Towards the end, the story gets some dramatic twists, of which some, however, are pretty predictable as the movie doesn't hold back with inserting enough hints during the course of the movie. Moreover, there are also some shocking topics like incest and human sacrifices brought into play, yet this strangely can't really arouse any strong feelings in us. In the conventional way there is also nothing frightening to be found either. It's just the mysticism of the pictures that is responsible for a constant uneasy feeling in the stomach.
Apart from that, there is also a surprisingly good amount of eroticism in "Inugami", even though there is nothing special to be seen here. It's also nice that there are some more funny moments throughout the movie, which luckily don't stand in contrast to the gloomy atmosphere of the rest. Nevertheless, the extremely tranquil pacing is the biggest flaw of the movie and so you should definitely bring along some patience, if you want to take some pleasure in absorbing the wonderful pictures.
Concerning the scenery, director Masato Harada ("Kamikaze Taxi") proves to have a great eye for the right setting. Nature in general, the forest, the wooden huts, this all seems to be filled with ghostlike life and yet it doesn't create any bad feeling in the viewer most of the time, but instead takes us into a world full of melancholy and peace. Sadly, the director seems to prefer to emphasize his wonderful pictures than to work on the story and so lots of things just come to nothing or are just put to an end way too unsatisfactory. We get a hidden Oedipus-story, incest is part of the tale and nothing is put under taboo. Provocative and interesting, but for whatever reasons, Harada doesn't keep it rolling. Instead he focuses more on his composition of pictures as can be seen when it comes to the massacre during the ritual which is captured in great black-and-white pictures. However, this makes "Inugami", added by the fact that the running time is way too stretched, an unnecessarily frustrating movie experience.
If it's great visuals you want, then don't look any further. Even unimportant scenes, like those in the mill, where Miki produces paper, are captured with amazing intensity. The contrast between nature and technique is worked out pretty well, too, as it is best seen during the moments when computers are seen, which just look incredibly out of place in this world. Harada creates impressive pictures, but can't really make use of them, so that his movie isn't really special as a whole.
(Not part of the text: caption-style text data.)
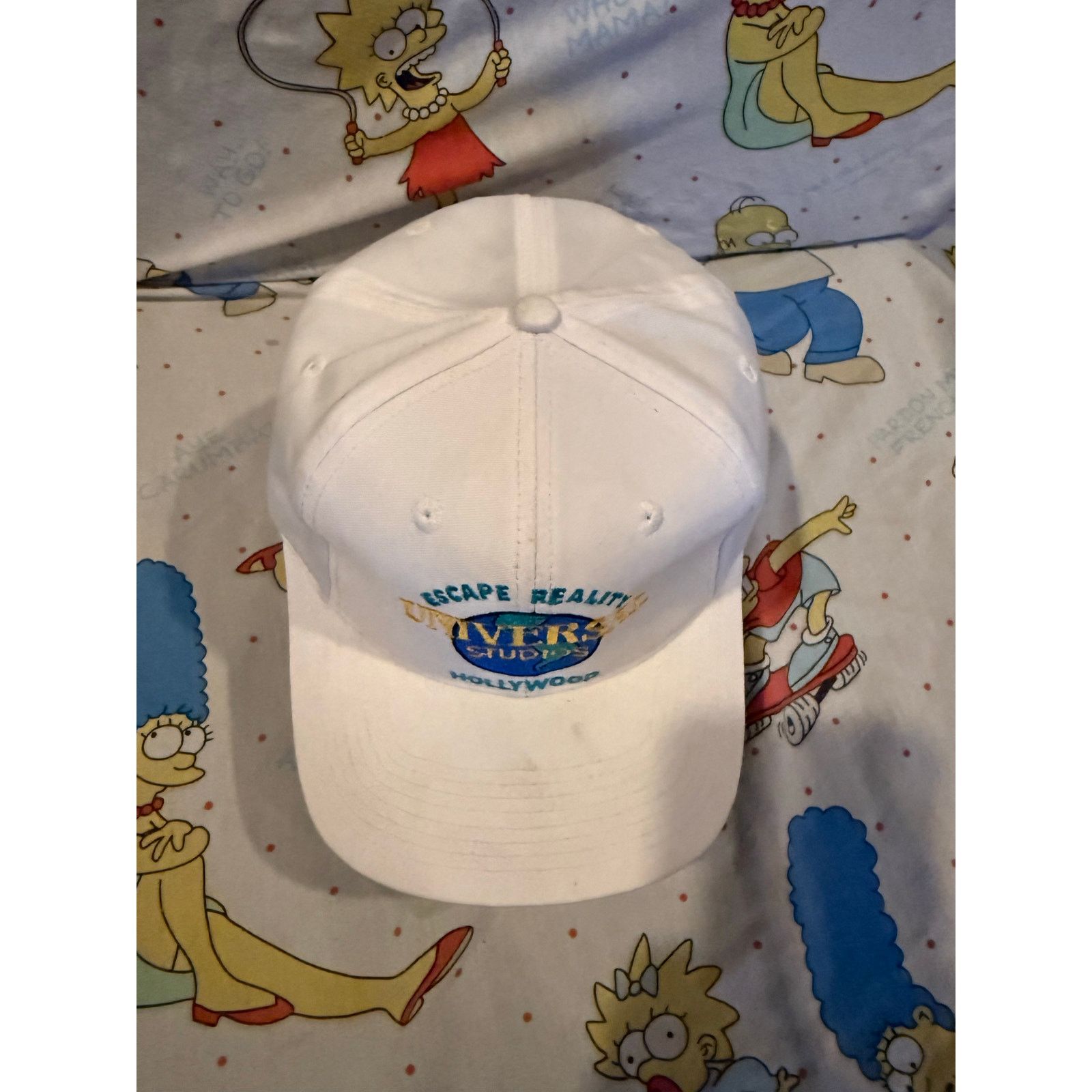 Other True vintage escape reality universal studios hat Size ONE SIZE - 2 Thumbnail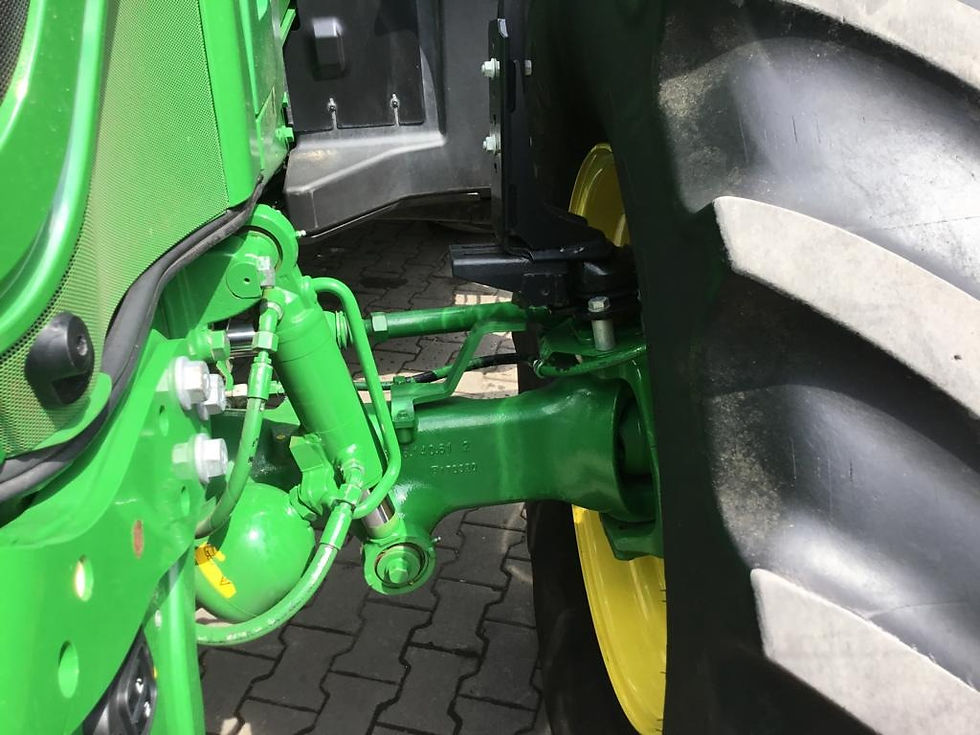 Miniatura: John Deere 6250R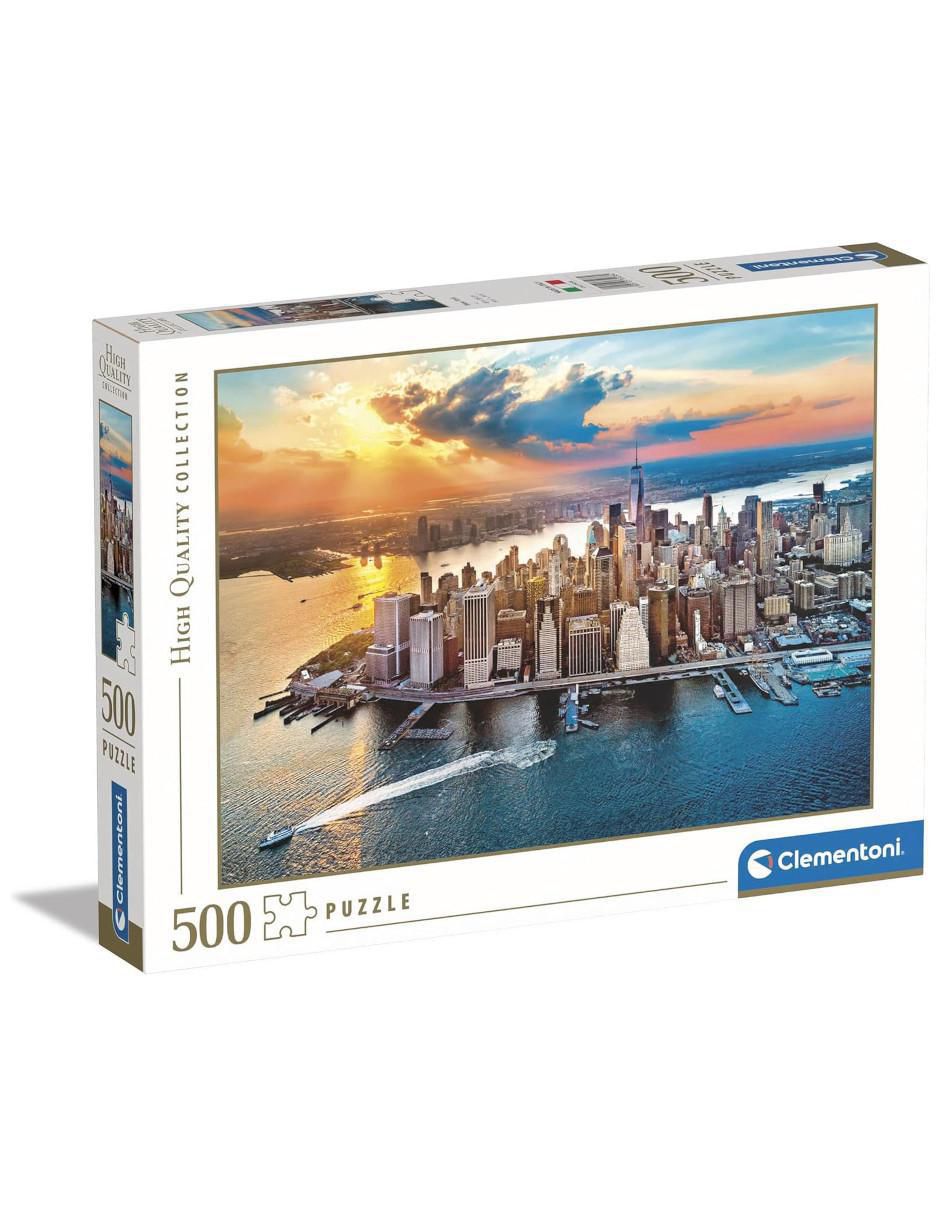 Rompecabezas New York City 500 piezas 2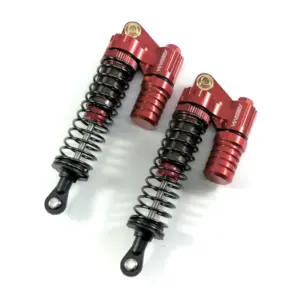 Alu Piggyback Dampers 85mm (2) – RC Wheels & Tyres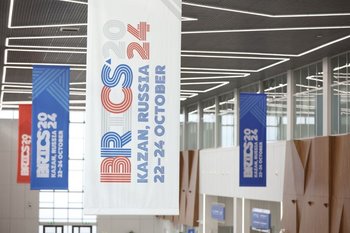 Dmitry Suslov: ‘We know that any expansion adds a cacophony of opinions’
The story, as some of the allusions and symbolism, is really good and especially the mysticism factor can be quite enthralling. Still, towards the end you just can't find your way back into the movie. The story is too mixed up to follow anymore and the film as a whole just feels too lengthy.
Patient viewers will get a neat horror-drama, here, which can stand as a welcome alternation to your usual Japanese horror-stuff. However, the director couldn't exploit the full potential of "Inugami".